** Opening DATASET RECORDS block **

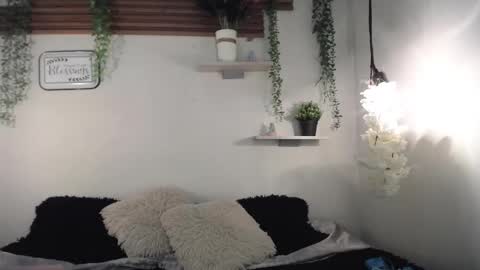 Snapshot of emma_sweethot chatting on February 25, 2026, 6:06 pm Emma Black online show from February 25, 2026, 6:06 pm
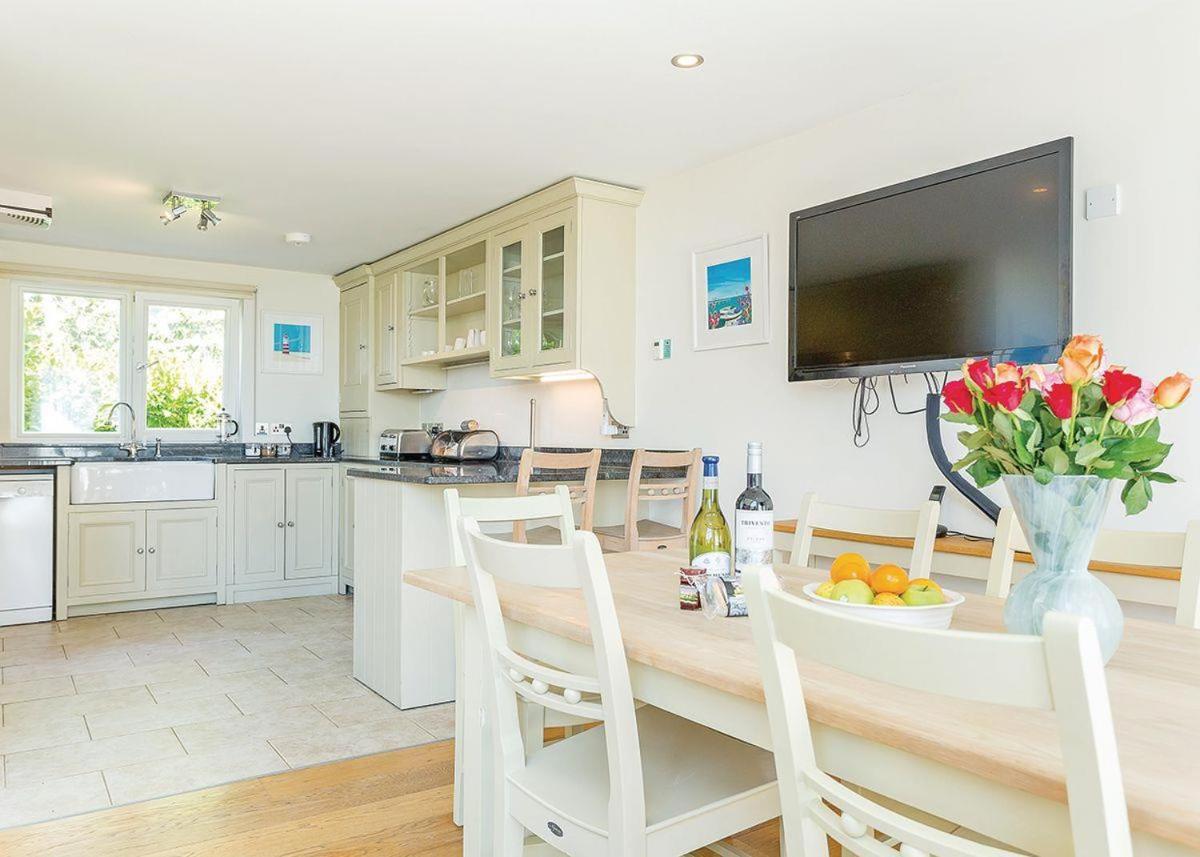 Swandown Lodges Чард Екстер'єр фото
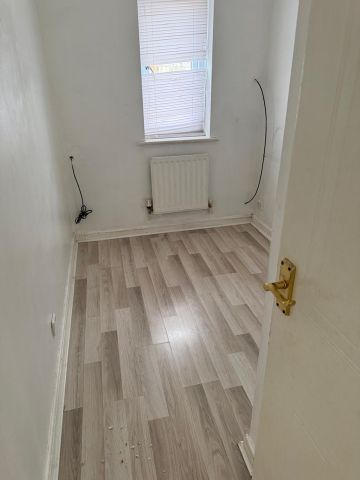 3 Bed Semi-Detached House, Cole Street, M40 - Photo 5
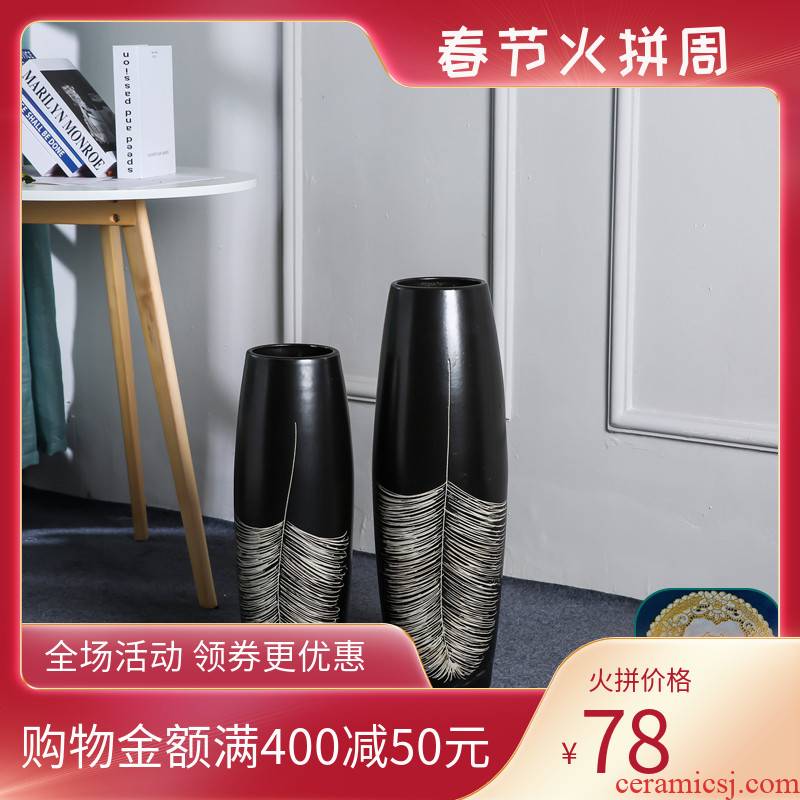 Jingdezhen dried flower vase landing large ceramic sitting room porch European I and contracted flower arranging furnishing articles, black feathers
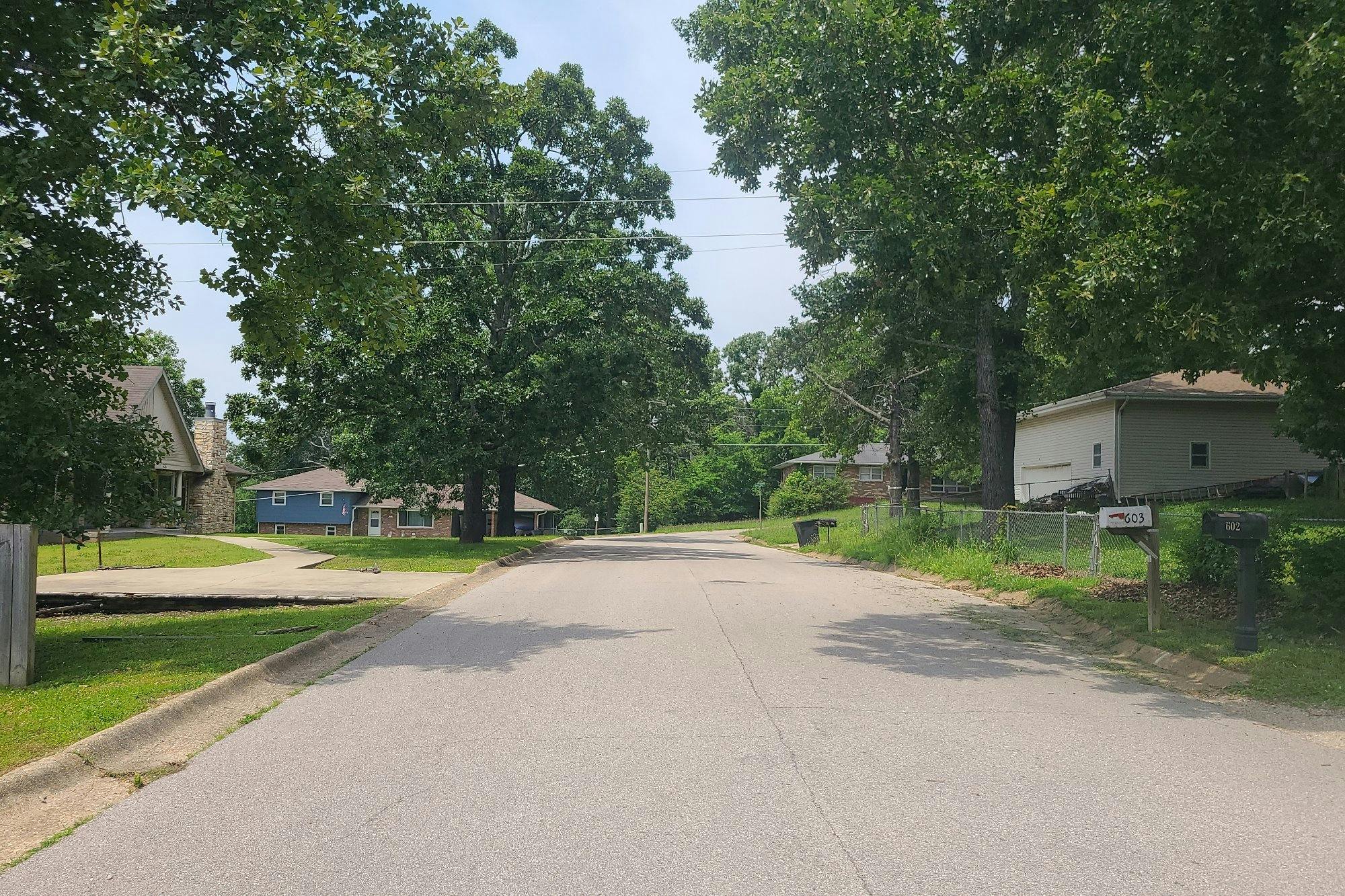 Wildwood Ln, Waynesville, MO 65583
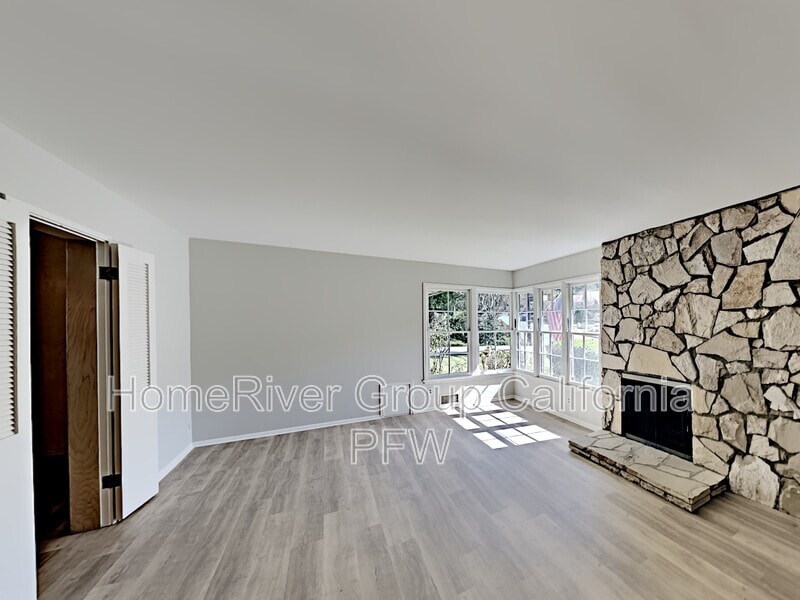 Building Photo - 2431 Sleepy Hollow Dr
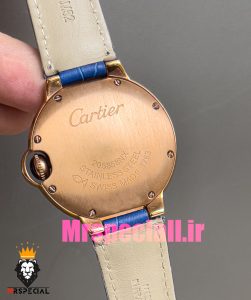 ساعت زنانه کارتیه مدل بالن بلو بند چرم ابی قاب رزگلد نگین دار صفحه سفید cartier ballon bleu 020968 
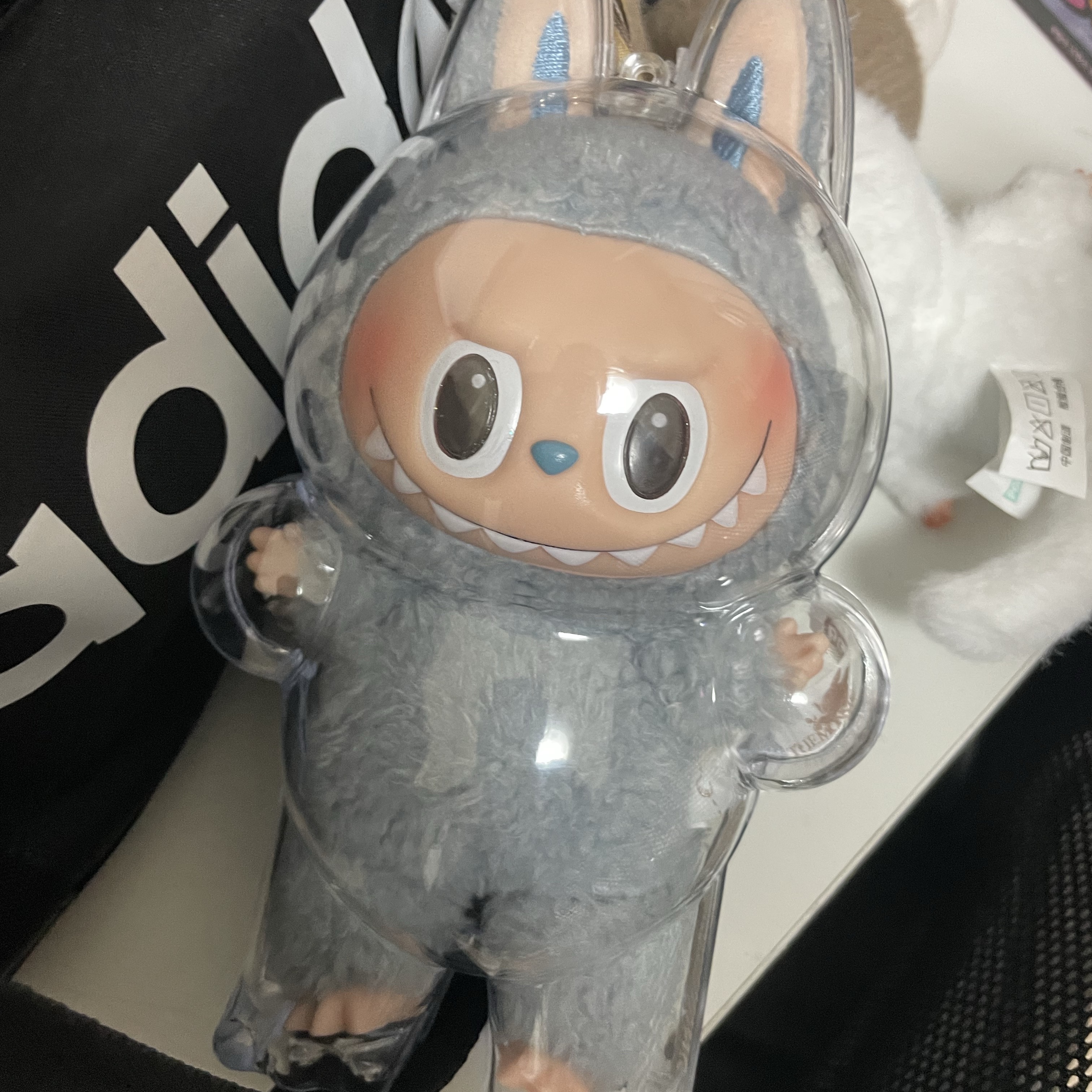 Pop Mart The Monsters Labubu Tasty Macarons Series Sealed Case (1 Blind Box) 착용 스타일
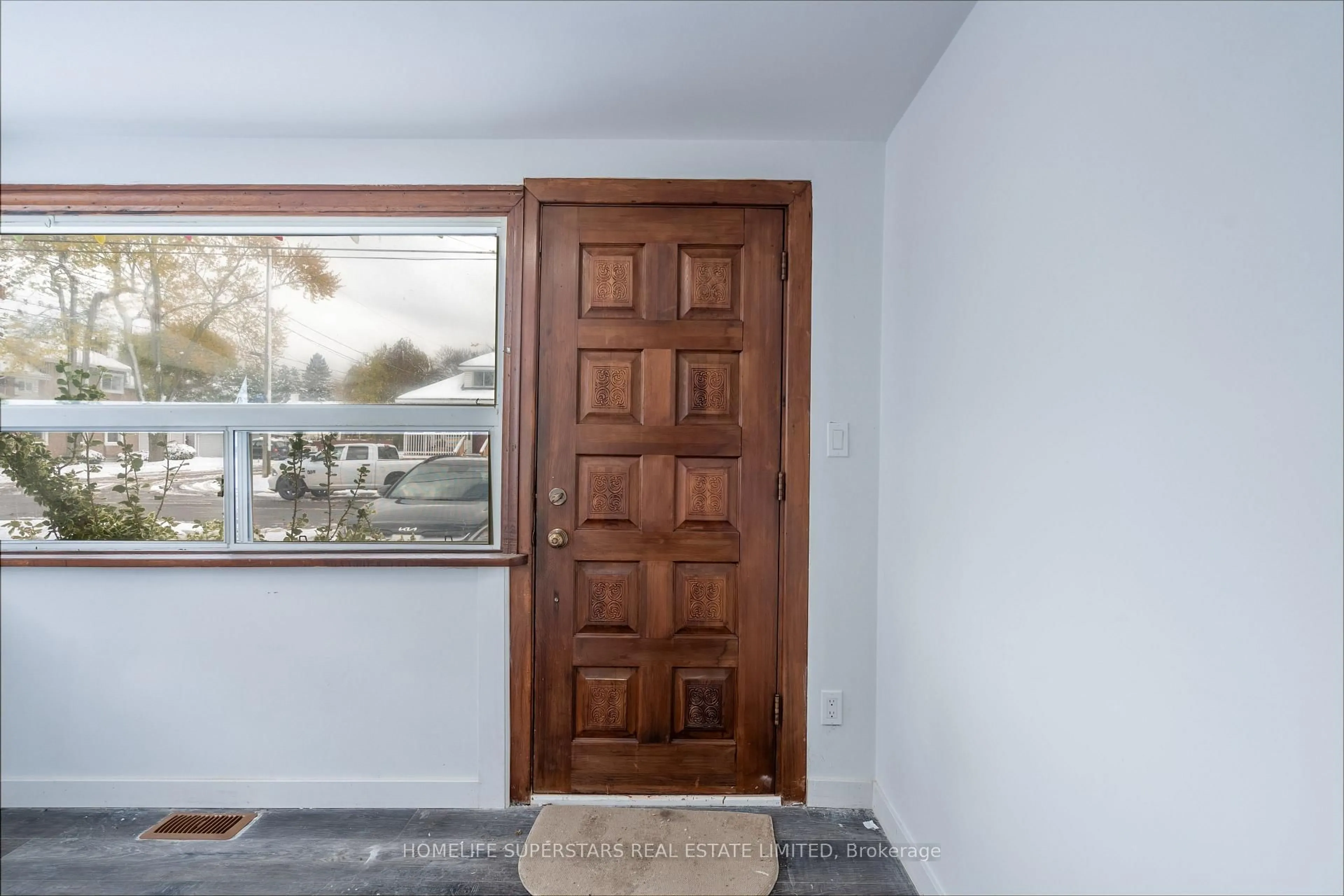 Indoor entryway for 4550 HOMEWOOD Ave, Niagara Falls Ontario L2E 4X8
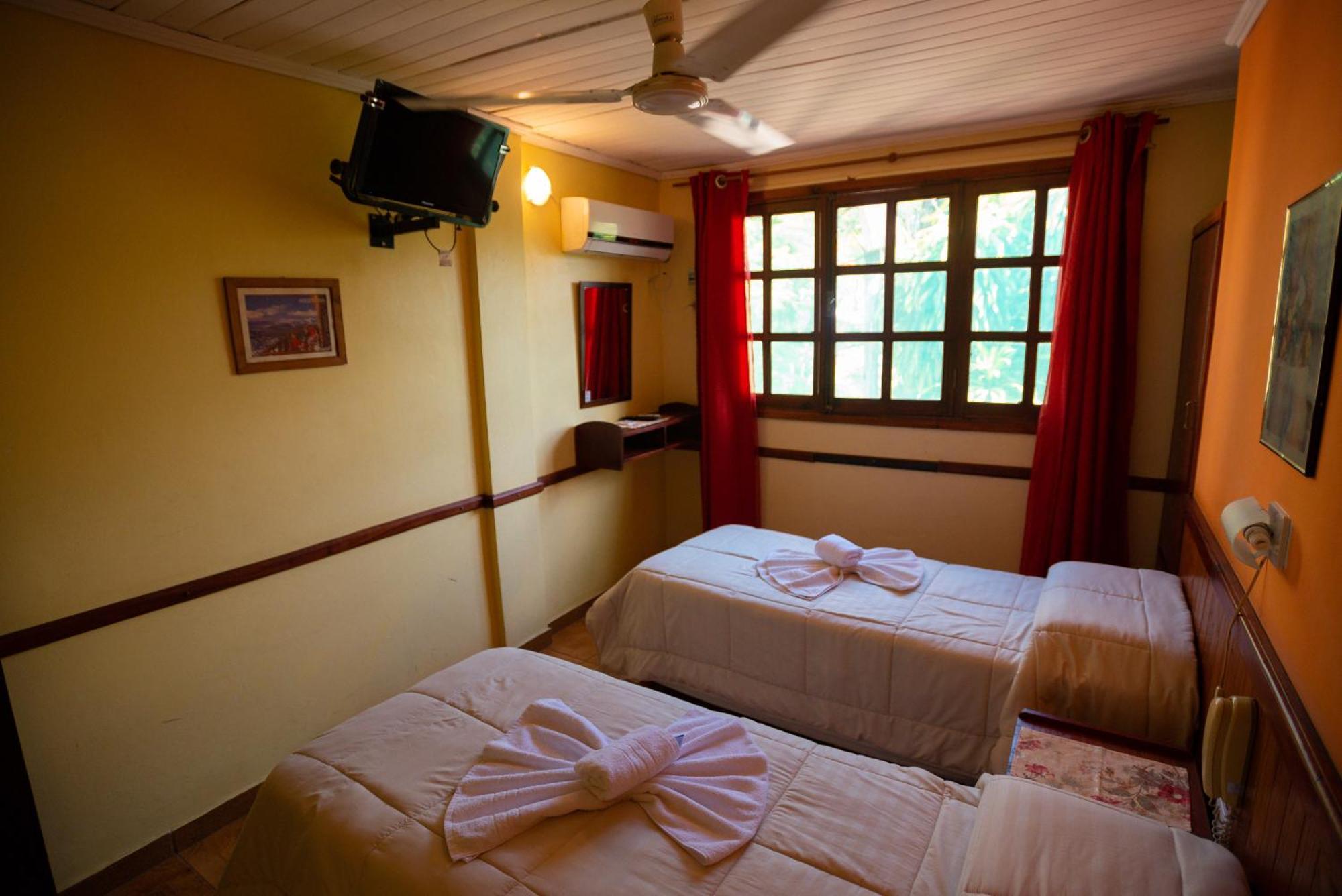 Hosteria Los Helechos Puerto Iguazú Kültér fotó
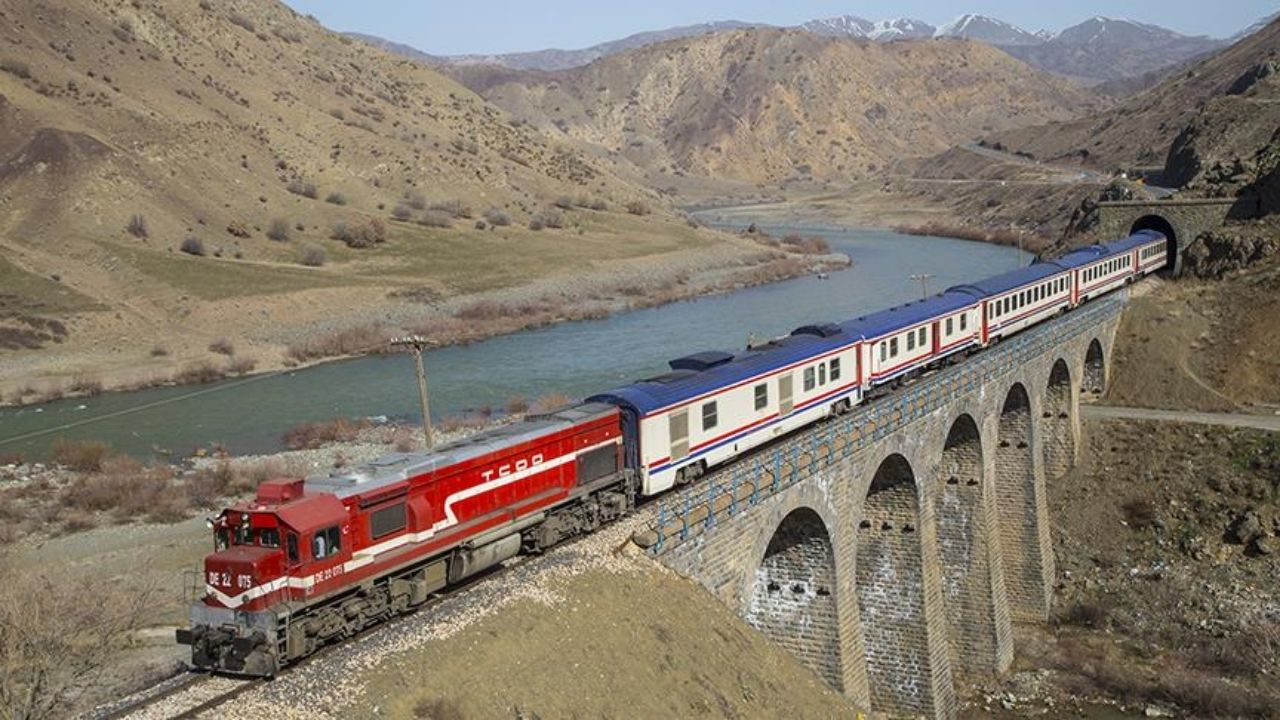 Malatya Garı’na Haftada 5 Gün Uğrayan Masal! 26 Saatlik Nostalji (3) Malatyahaber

** Closing DATASET RECORDS block **

● TASK OBJECTIVE
For this exercise, transcribe the entries verbatim and skip all pictures.

● REPLY
 Snapshot of emma_sweethot chatting on February 25, 2026, 6:06 pm Emma Black online show from February 25, 2026, 6:06 pm
 Swandown Lodges Чард Екстер'єр фото
 3 Bed Semi-Detached House, Cole Street, M40 - Photo 5
 Jingdezhen dried flower vase landing large ceramic sitting room porch European I and contracted flower arranging furnishing articles, black feathers
 Wildwood Ln, Waynesville, MO 65583
 Building Photo - 2431 Sleepy Hollow Dr
 ساعت زنانه کارتیه مدل بالن بلو بند چرم ابی قاب رزگلد نگین دار صفحه سفید cartier ballon bleu 020968 
 Pop Mart The Monsters Labubu Tasty Macarons Series Sealed Case (1 Blind Box) 착용 스타일
 Indoor entryway for 4550 HOMEWOOD Ave, Niagara Falls Ontario L2E 4X8
 Hosteria Los Helechos Puerto Iguazú Kültér fotó
 Malatya Garı’na Haftada 5 Gün Uğrayan Masal! 26 Saatlik Nostalji (3) Malatyahaber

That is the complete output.